If you’re looking for a companion for your apartment, consider a shar Pei grey. Though the breed is incredibly calm and peaceful, it’s important to train it to behave properly in an apartment setting. These dogs are independent thinkers and should be trained to be respectful of people, but are sometimes shy and aloof when meeting new people. Training your dog will require early socialization and consistency, but they’re a relatively easy breed to train when you establish your authority.
The Shar-Pei apricot dilute Shar has a pale, pinkish-gray coat. This color is usually self-colored, and does not have any dark markings. This color could be a darker shade. This color is not recognized by the AKC, but it is often found in pet shops. The apricot-dilute Shar-Pei is very different from its blue dilute counterpart.
The sharpei is known for its low shed rate, but it’s important to maintain the coat of your dog. Although the bear coat is a protective barrier for your dog, it is important to trim your dog’s nails every fortnight or so to prevent the fur from growing out of control. The coat is very easy to clean, although it does shed a little. Brush your dog’s hair and remove any shampoo that may be hiding under the wrinkles.
From the neck to the shoulders, the sharpei is approximately a foot and a quarter tall. As they grow, their skin becomes thicker and more wrinkled. They have a heavy neck and a broad chest, which gives them a sturdy appearance. Their thick, long tail curls over their back. In addition to this, they’re prone to overheating. As such, owners should consider this breed carefully.

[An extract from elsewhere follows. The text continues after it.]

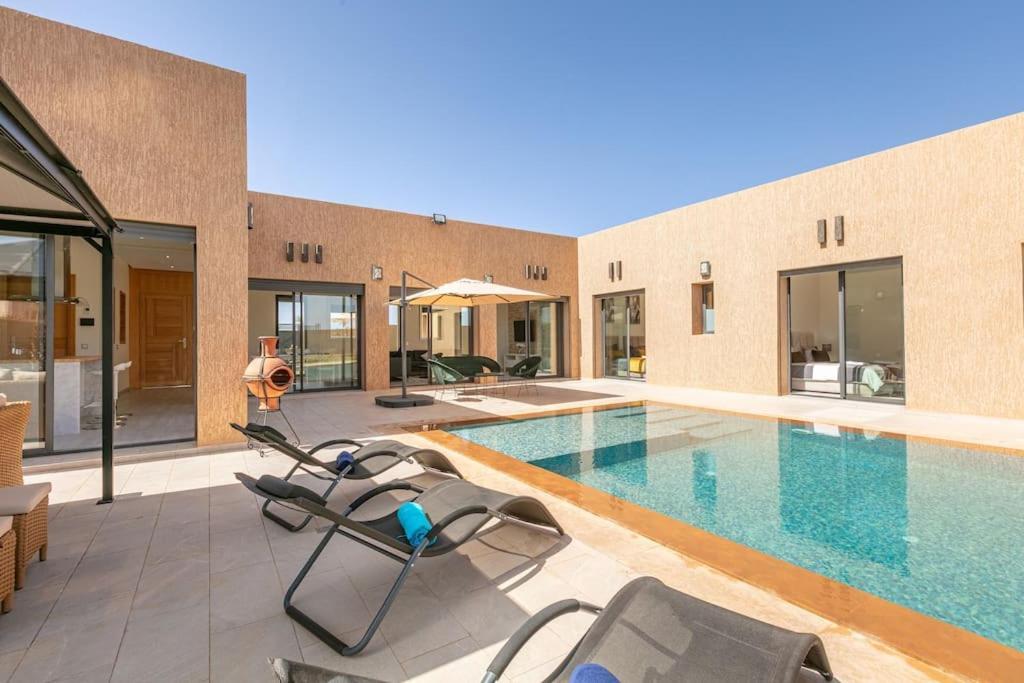 Sanna, Elegante Avec Piscine Chauffee, Jeux Marrakesh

The Chinese Shar-Pei Club of America was formed in 1974. While many dog breeders believe that the color of the coat doesn’t matter much, studies have shown that recessive genes can cause health problems in dogs. In a study at the University of Sydney, it was found that dogs of certain colors have underdeveloped olfaction and underdeveloped eardrums. These health problems are not present in a blue Shar Pei.
Allergies can affect the skin of Shar Pei dogs. This breed is susceptible to skin problems, in addition to their tendency for shedding. Seborrhea is a bacterial infection of the skin, which is usually caused by an underlying condition. Medicated shampoo can help treat this skin condition, but treatment depends on the underlying cause. Treatment involves antibiotics and the proper treatment of the underlying condition.
The coat of a Shar Pei grey is made up of different pigments, and the genes responsible for the pigmentation are called eumelanin, beta Defensin, and dilution. These genes influence the production of eumelanin and pheomelanin, which is responsible for the color of a dog’s coat. Pheomelanin by default is red, but it can be modified to other colors using the beta Defensin and the dilution genes.